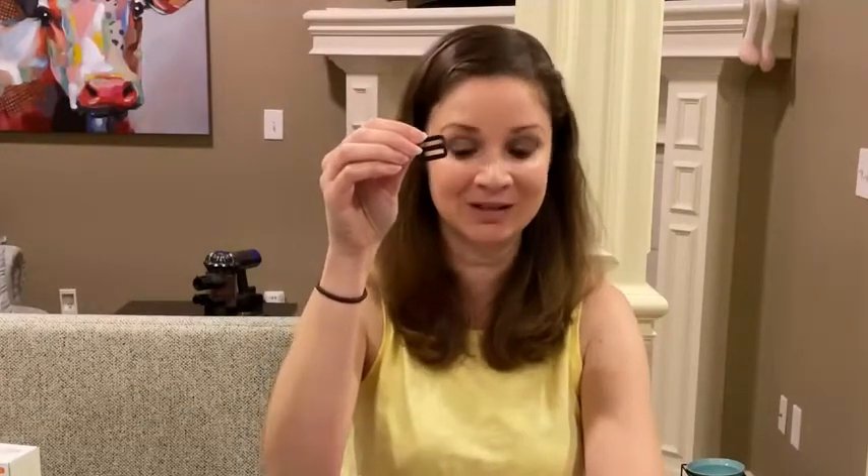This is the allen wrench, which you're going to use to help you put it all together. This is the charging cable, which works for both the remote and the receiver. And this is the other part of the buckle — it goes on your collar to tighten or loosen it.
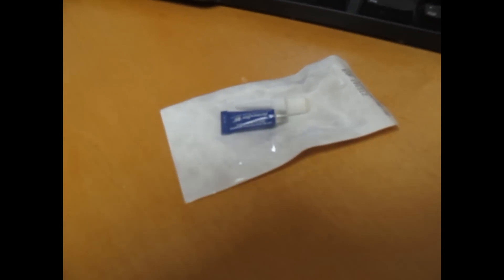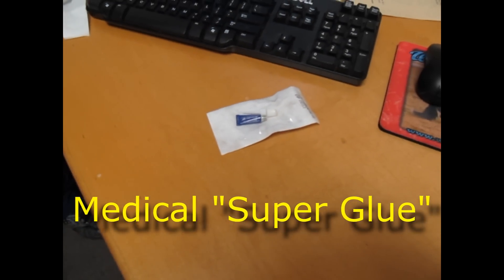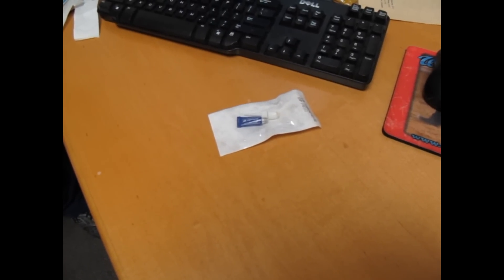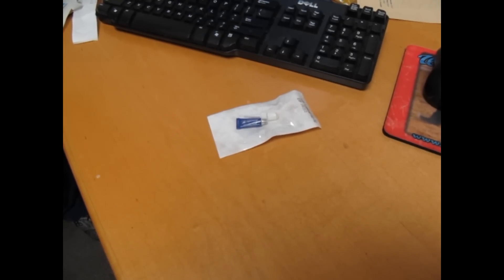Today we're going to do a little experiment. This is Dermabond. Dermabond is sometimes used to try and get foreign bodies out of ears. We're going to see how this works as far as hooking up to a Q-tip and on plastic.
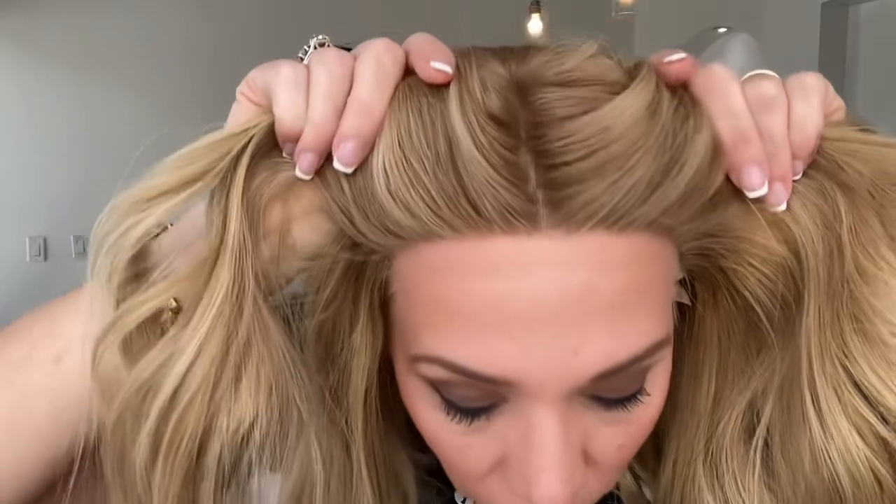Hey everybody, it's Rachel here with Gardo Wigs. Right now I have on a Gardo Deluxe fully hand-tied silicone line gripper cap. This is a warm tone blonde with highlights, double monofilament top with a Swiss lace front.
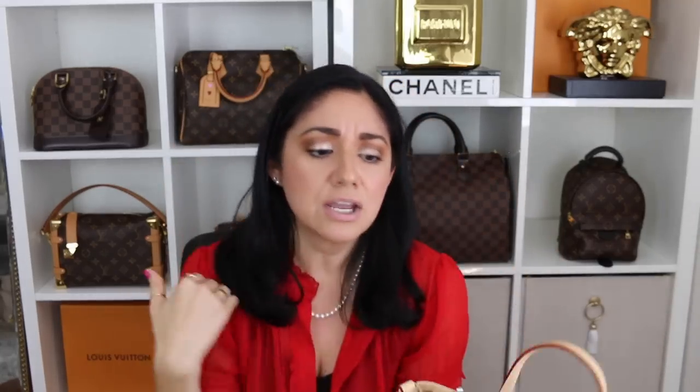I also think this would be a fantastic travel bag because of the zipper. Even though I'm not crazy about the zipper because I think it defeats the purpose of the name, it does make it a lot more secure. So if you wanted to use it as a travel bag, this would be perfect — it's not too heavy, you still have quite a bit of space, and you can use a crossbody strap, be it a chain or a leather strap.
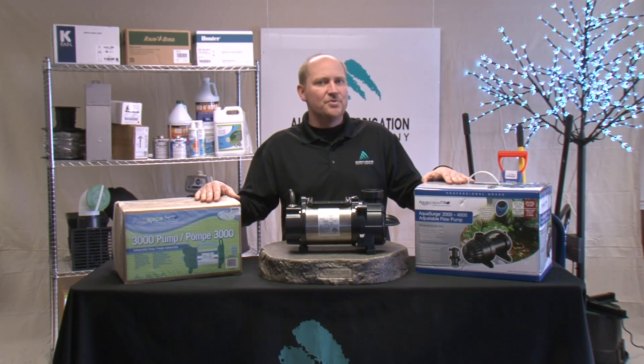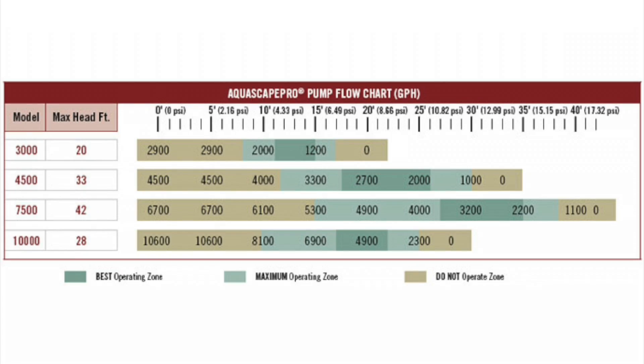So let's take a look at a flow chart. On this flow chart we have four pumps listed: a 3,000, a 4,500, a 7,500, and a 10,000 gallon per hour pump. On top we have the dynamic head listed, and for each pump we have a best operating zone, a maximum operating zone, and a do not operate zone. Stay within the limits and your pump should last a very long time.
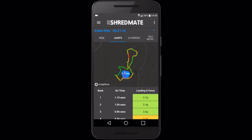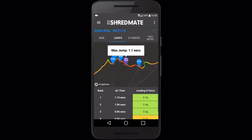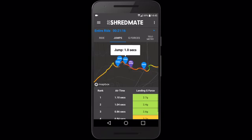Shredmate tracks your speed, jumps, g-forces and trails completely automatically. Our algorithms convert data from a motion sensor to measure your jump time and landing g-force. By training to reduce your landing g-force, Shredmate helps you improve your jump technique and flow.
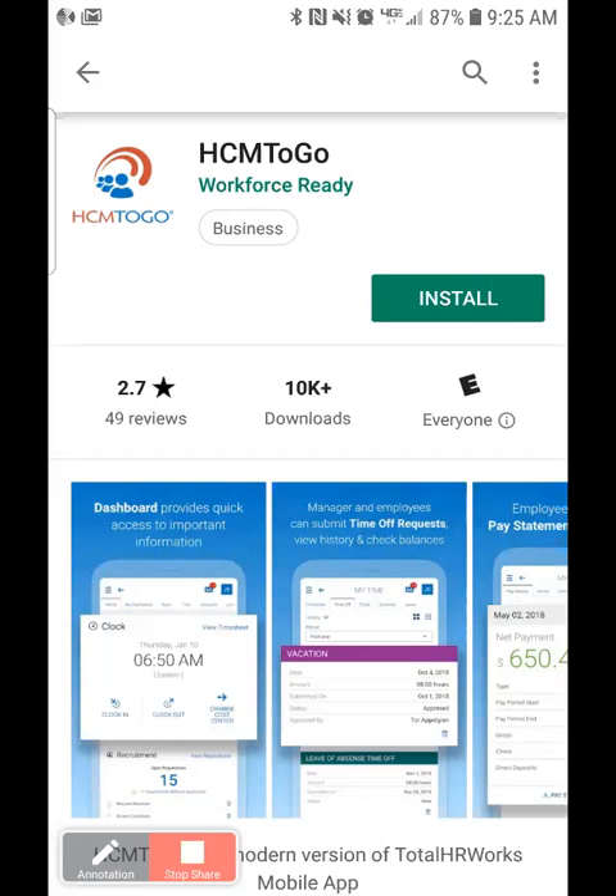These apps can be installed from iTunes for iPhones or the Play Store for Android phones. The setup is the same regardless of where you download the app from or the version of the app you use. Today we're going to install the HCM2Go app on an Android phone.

◆ Assignment:
Restate the data above word for word, so that the only difference is the missing pictures.

◆ Solution below:
This is the allen wrench, which you're going to use to help you put it all together. This is the charging cable, which works for both the remote and the receiver. And this is the other part of the buckle — it goes on your collar to tighten or loosen it.
Today we're going to do a little experiment. This is Dermabond. Dermabond is sometimes used to try and get foreign bodies out of ears. We're going to see how this works as far as hooking up to a Q-tip and on plastic.
Hey everybody, it's Rachel here with Gardo Wigs. Right now I have on a Gardo Deluxe fully hand-tied silicone line gripper cap. This is a warm tone blonde with highlights, double monofilament top with a Swiss lace front.
I also think this would be a fantastic travel bag because of the zipper. Even though I'm not crazy about the zipper because I think it defeats the purpose of the name, it does make it a lot more secure. So if you wanted to use it as a travel bag, this would be perfect — it's not too heavy, you still have quite a bit of space, and you can use a crossbody strap, be it a chain or a leather strap.
So let's take a look at a flow chart. On this flow chart we have four pumps listed: a 3,000, a 4,500, a 7,500, and a 10,000 gallon per hour pump. On top we have the dynamic head listed, and for each pump we have a best operating zone, a maximum operating zone, and a do not operate zone. Stay within the limits and your pump should last a very long time.
Shredmate tracks your speed, jumps, g-forces and trails completely automatically. Our algorithms convert data from a motion sensor to measure your jump time and landing g-force. By training to reduce your landing g-force, Shredmate helps you improve your jump technique and flow.
These apps can be installed from iTunes for iPhones or the Play Store for Android phones. The setup is the same regardless of where you download the app from or the version of the app you use. Today we're going to install the HCM2Go app on an Android phone.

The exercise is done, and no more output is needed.